**Data segment:**
________

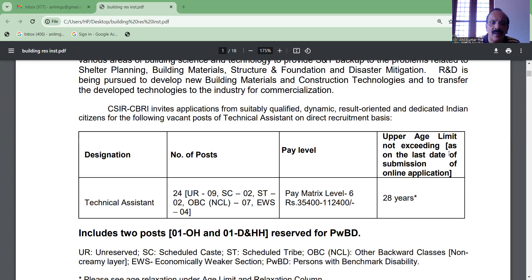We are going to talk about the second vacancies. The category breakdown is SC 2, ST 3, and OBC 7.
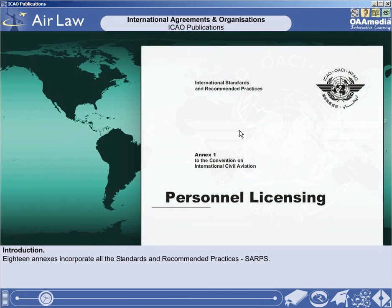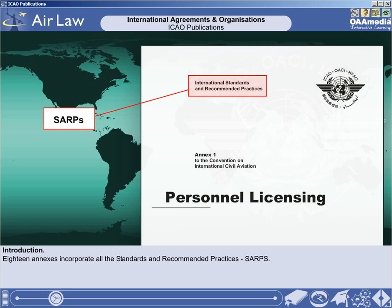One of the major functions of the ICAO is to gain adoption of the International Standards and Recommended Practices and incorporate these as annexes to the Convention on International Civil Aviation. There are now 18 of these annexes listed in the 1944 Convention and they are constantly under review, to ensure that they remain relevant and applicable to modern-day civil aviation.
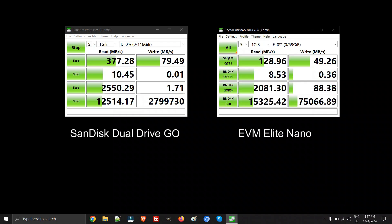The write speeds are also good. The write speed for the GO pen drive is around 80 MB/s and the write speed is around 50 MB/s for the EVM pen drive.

________

The lines to copy run from the line containing "One of the major" through the end of the data above; copy exactly those, minus the pictures.

**Task output:**
One of the major functions of the ICAO is to gain adoption of the International Standards and Recommended Practices and incorporate these as annexes to the Convention on International Civil Aviation. There are now 18 of these annexes listed in the 1944 Convention and they are constantly under review, to ensure that they remain relevant and applicable to modern-day civil aviation.
The write speeds are also good. The write speed for the GO pen drive is around 80 MB/s and the write speed is around 50 MB/s for the EVM pen drive.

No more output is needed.